### DESCRIPTION OF THE TASK
Stop after the line with "Baby Letter Printed"; until then, please copy every line of the records word for word from the first.

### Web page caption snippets
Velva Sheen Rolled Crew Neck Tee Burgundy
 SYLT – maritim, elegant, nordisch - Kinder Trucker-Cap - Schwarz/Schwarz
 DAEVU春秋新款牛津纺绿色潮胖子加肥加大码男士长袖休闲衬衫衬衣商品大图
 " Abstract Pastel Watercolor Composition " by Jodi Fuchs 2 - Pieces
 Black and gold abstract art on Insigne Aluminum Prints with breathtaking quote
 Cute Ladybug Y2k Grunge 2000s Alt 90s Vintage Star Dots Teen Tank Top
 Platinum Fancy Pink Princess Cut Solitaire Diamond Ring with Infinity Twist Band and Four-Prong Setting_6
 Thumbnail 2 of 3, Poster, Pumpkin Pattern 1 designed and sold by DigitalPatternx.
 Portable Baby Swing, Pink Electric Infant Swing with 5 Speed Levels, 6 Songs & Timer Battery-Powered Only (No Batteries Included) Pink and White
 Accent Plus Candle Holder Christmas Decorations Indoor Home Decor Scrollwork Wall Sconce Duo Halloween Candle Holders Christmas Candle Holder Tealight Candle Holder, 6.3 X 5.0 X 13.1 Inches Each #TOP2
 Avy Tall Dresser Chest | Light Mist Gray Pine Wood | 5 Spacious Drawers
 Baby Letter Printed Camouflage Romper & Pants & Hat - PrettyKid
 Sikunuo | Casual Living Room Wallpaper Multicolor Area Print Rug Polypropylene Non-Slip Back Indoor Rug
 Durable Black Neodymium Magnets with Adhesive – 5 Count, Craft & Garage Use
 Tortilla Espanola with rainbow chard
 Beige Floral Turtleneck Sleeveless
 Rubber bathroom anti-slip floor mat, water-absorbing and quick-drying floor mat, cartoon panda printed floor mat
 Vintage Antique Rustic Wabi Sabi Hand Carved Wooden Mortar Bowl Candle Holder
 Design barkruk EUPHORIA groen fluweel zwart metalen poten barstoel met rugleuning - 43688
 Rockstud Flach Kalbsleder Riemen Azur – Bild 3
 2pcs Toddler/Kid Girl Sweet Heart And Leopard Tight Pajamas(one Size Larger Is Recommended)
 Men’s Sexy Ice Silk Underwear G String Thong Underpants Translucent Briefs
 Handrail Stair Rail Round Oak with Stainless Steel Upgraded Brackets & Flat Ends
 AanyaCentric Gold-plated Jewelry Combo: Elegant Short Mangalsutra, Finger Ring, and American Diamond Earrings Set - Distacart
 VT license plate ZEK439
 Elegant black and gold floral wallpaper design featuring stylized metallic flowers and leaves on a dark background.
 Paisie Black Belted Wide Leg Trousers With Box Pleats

### EXPECTED ANSWER
Velva Sheen Rolled Crew Neck Tee Burgundy
 SYLT – maritim, elegant, nordisch - Kinder Trucker-Cap - Schwarz/Schwarz
 DAEVU春秋新款牛津纺绿色潮胖子加肥加大码男士长袖休闲衬衫衬衣商品大图
 " Abstract Pastel Watercolor Composition " by Jodi Fuchs 2 - Pieces
 Black and gold abstract art on Insigne Aluminum Prints with breathtaking quote
 Cute Ladybug Y2k Grunge 2000s Alt 90s Vintage Star Dots Teen Tank Top
 Platinum Fancy Pink Princess Cut Solitaire Diamond Ring with Infinity Twist Band and Four-Prong Setting_6
 Thumbnail 2 of 3, Poster, Pumpkin Pattern 1 designed and sold by DigitalPatternx.
 Portable Baby Swing, Pink Electric Infant Swing with 5 Speed Levels, 6 Songs & Timer Battery-Powered Only (No Batteries Included) Pink and White
 Accent Plus Candle Holder Christmas Decorations Indoor Home Decor Scrollwork Wall Sconce Duo Halloween Candle Holders Christmas Candle Holder Tealight Candle Holder, 6.3 X 5.0 X 13.1 Inches Each #TOP2
 Avy Tall Dresser Chest | Light Mist Gray Pine Wood | 5 Spacious Drawers
 Baby Letter Printed Camouflage Romper & Pants & Hat - PrettyKid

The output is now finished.